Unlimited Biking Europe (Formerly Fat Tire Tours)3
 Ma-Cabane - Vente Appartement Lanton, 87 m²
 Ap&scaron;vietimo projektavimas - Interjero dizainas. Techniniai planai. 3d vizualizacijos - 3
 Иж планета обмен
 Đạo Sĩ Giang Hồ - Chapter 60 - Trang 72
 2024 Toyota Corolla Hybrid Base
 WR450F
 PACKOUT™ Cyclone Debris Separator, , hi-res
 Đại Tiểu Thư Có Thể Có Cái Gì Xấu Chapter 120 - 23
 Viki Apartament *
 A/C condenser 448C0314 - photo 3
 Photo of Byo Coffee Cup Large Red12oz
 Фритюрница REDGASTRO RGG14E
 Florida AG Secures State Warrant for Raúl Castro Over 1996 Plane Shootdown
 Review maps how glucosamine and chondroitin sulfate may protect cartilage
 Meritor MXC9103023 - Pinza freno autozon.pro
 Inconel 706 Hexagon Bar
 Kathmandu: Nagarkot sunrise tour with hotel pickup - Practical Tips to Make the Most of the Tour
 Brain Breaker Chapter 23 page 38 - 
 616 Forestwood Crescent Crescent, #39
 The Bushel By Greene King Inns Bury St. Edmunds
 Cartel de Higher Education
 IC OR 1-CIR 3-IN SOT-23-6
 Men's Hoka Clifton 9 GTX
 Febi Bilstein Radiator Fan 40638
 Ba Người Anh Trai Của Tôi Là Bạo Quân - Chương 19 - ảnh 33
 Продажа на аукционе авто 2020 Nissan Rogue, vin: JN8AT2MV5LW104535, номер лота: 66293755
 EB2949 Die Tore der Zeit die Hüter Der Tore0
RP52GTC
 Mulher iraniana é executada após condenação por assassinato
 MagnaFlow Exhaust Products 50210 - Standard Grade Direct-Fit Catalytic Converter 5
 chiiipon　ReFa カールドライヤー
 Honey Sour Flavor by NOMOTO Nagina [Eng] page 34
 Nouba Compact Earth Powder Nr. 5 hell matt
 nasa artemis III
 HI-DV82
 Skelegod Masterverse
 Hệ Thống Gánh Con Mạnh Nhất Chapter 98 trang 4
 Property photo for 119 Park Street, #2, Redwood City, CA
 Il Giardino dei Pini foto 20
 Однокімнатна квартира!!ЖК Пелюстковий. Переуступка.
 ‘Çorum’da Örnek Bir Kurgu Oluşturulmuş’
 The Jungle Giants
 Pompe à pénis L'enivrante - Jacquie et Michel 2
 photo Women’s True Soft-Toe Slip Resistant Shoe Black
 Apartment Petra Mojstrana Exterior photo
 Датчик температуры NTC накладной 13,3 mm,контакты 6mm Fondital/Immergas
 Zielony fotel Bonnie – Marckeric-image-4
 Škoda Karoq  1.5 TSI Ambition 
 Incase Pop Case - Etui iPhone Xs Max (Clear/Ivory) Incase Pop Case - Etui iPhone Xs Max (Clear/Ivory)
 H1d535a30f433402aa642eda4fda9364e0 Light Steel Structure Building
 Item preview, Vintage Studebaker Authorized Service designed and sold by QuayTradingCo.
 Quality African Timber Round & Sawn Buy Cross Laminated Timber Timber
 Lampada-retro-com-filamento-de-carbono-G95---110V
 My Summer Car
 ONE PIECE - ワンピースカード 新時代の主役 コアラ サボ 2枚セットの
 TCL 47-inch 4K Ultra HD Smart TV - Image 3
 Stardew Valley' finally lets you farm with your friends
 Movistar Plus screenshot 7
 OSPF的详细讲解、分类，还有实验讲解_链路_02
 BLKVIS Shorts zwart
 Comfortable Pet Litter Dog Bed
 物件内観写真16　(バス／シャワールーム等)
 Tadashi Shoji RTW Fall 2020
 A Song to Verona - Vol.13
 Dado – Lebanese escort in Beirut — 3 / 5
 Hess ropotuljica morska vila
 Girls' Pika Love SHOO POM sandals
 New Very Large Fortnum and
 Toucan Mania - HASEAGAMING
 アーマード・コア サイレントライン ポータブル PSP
+++
Exercise brief
Working through the records, find each line containing the word "page" and copy it.

Problem solution
 Brain Breaker Chapter 23 page 38 - 
 Honey Sour Flavor by NOMOTO Nagina [Eng] page 34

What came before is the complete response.